The Special Character of a Catholic School


This statement is to be read in association with the school charter, a copy of which is available from your Catholic school.

The special character of a Catholic school is defined in the Integration Agreement as follows:

"The school is a Roman Catholic school in which the whole school community, through the general school programme and in its religious instructions and observances, exercises the right to live and teach the values of Jesus Christ. These values are as expressed in the Scriptures and in the practices, worship and doctrine of the Roman Catholic Church, as determined from time to time by the Roman Catholic Bishop of the Diocese."

A teacher applying for a position in a Catholic school needs to understand the commitment this involves.

1. All teachers, whether Catholic or not, are part of this "whole school community". Each teacher is therefore expected to use his or her specific skills to achieve the purposes of the school.

2. A Catholic school assists the Church in its mission. It does this by helping its pupils to become complete persons, that is to say persons with knowledge, faith and norms of living which are harmonised.

3. All subjects are taught for their own value and with their own objectives. Catholics believe in the value of all human knowledge as it is part of God's truth.

4. The Religious Education Programme is an integral part of the curriculum. The principles, truths and ethics of that programme permeate whatever the school does. The focal point of the whole school is Christ. The pupils are taught that God is creator, that Jesus Christ is God-made-man, that their ultimate goal is heaven; that authority to teach and interpret God's revelation was entrusted to the Church and is exercised by the Pope and Bishops. The school as a whole subscribes to the Apostles' Creed which is the oldest of the formulas used by the Christians to express their faith. It accepts the two-fold commandment of Christ, love of God and neighbour and the other values expressed by Christ as norms of living.

5. No teachers will be required to act against their own conscience or personal philosophy of life. That would be unchristian and contrary to the aims of the school.

However, in accepting a position in a Catholic school it is assumed that the teacher realises that:

(a) Teachers work as a team. Therefore all teachers are expected to contribute, according to their individual strengths and within their personal convictions, to the total purpose of the school. No school can operate successfully if a teacher undermines the efforts of others.

(b) Teachers are role models. A school community rightly expects teachers to act so as to be appropriate models for its children. Conduct by a teacher which would give the school community grounds for thinking that the teacher's attitude is antagonistic to the special character of the school would not only be unprofessional, it could damage or even destroy that teacher's effectiveness.

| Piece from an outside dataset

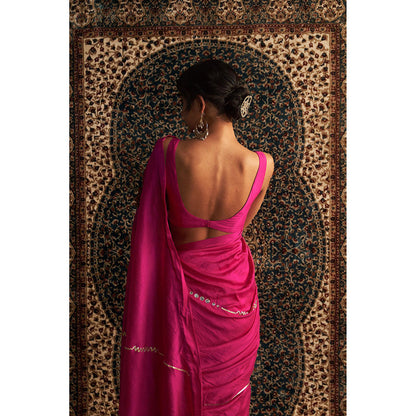 Charkhee Prarambh Rani Pink Embroidered Chanderi Saree with Stitched Blouse
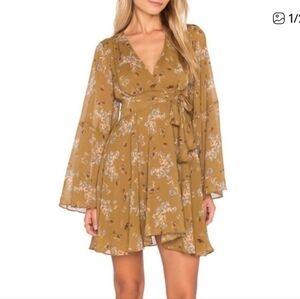 Free People Floral Lilou vneck Bell Sleeve Mini Wrap Dress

6. New teachers will find senior staff willing to assist them in gaining a fuller understanding of the school and its special character and in solving any difficulties that may arise in the course of their teaching duties.

In addition the following will be found helpful. Copies will be found in the staff room or school library:

We Live and Teach Christ Jesus - NZ Catechetical Directory; NZ Catholic Bishops' Conference, 1974.

The Catholic School; Congregation for Catholic Education, 1977.

Lay Catholics in Schools: Witnesses to Faith; Congregation for Catholic Education, 1982.

The Religious Dimension of Education in a Catholic School; Congregation for Catholic Education, 1988.

The Church's Confession of Faith: A Catholic Catechism for Adults; German Bishops' Conference. St Ignatius Press, 1987 (San Francisco).

Catechism of the Catholic Church: The Catechism of the Catholic Church; Pope John Paul II. St Pauls, 1994 (New South Wales).